ZyrianovS · 2021-11-18T05:48:35Z

On current master.

In test/onnx/test_models.py TestModels gets its opset_version from torch.onnx.symbolic_helper which is 9 by default. https://github.com/pytorch/pytorch/blob/master/test/onnx/test_models.py#L50
https://github.com/pytorch/pytorch/blob/master/torch/onnx/symbolic_helper.py#L847

from torch.onnx.symbolic_helper import _export_onnx_opset_version 
opset_version = _export_onnx_opset_version
print(opset_version)
9

python test/onnx/test_models.py

Ran 32 tests in 27.295s

OK (skipped=10)

So it skipped 10 tests by default, including I believe test_fake_quant, test_qat_resnet_pertensor and test_qat_resnet_per_channel with @skipIfUnsupportedMinOpsetVersion wrapper set to 10 and 13 opset_version that I was trying to debug in my QAT pipeline.

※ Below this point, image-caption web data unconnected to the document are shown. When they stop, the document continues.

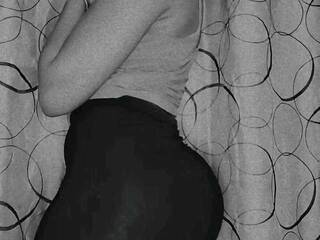 Еротски видео разговор SexyPesh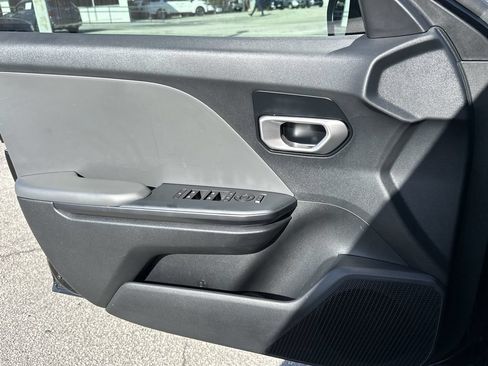 Certified 2025 Kia K4 FWD image 22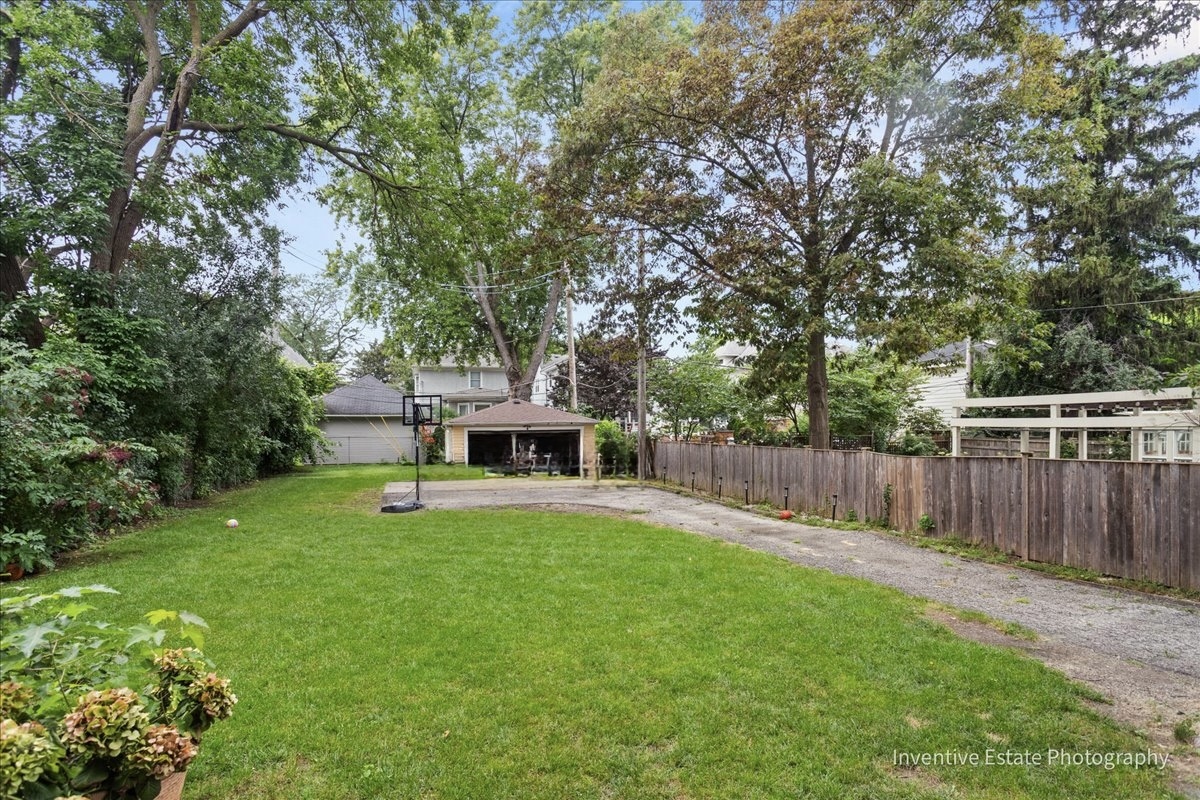 430 S La Grange Road, La Grange, IL 60525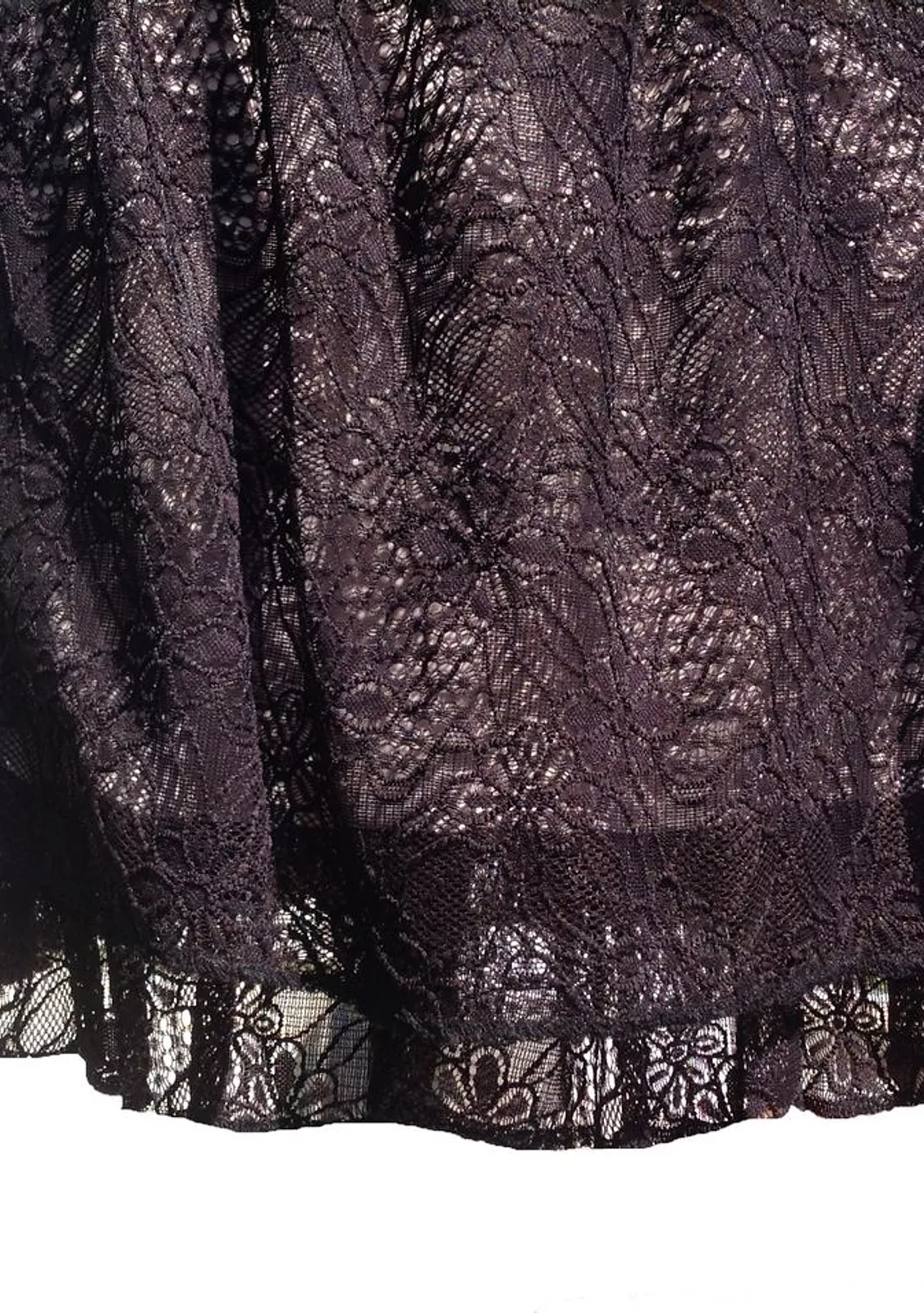 Черное платье в винтажном стиле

If we set _default_onnx_opset_version in torch.onnx.symbolic_helper to 13 and test with that so it does not skip those QAT tests I get:

Ran 32 tests in 38.009s

FAILED (errors=3, skipped=5)

ERROR: test_fake_quant (__main__.TestModels)
----------------------------------------------------------------------
Traceback (most recent call last):
  File "/home/simon/pytorch/test/onnx/test_pytorch_common.py", line 51, in wrapper
    return func(self)
  File "test/onnx/test_models.py", line 184, in test_fake_quant
    self.exportTest(toC(FakeQuantNet()), toC(x))
  File "test/onnx/test_models.py", line 56, in exportTest
    graph = torch.onnx.utils._trace(model, inputs, OperatorExportTypes.ONNX)
  File "/home/simon/pytorch/torch/onnx/utils.py", line 378, in _trace
    trace_graph = _optimize_graph(trace_graph, operator_export_type, params_dict={})
  File "/home/simon/pytorch/torch/onnx/utils.py", line 232, in _optimize_graph
    graph = torch._C._jit_pass_onnx(graph, operator_export_type)
  File "/home/simon/pytorch/torch/onnx/__init__.py", line 358, in _run_symbolic_function
    return utils._run_symbolic_function(*args, **kwargs)
  File "/home/simon/pytorch/torch/onnx/utils.py", line 1058, in _run_symbolic_function
    return symbolic_fn(g, *inputs, **attrs)
  File "/home/simon/pytorch/torch/onnx/symbolic_helper.py", line 167, in wrapper
    for arg, arg_desc, arg_name in zip(args, arg_descriptors, arg_names)]
  File "/home/simon/pytorch/torch/onnx/symbolic_helper.py", line 167, in <listcomp>
    for arg, arg_desc, arg_name in zip(args, arg_descriptors, arg_names)]
  File "/home/simon/pytorch/torch/onnx/symbolic_helper.py", line 94, in _parse_arg
    "for argument '{}' of node '{}', got '{}'.".format(arg_name, node_name, value.node().kind()))
RuntimeError: Expected node type 'onnx::Constant' for argument 'scale' of node 'fake_quantize_per_tensor_affine', got 'prim::Param'.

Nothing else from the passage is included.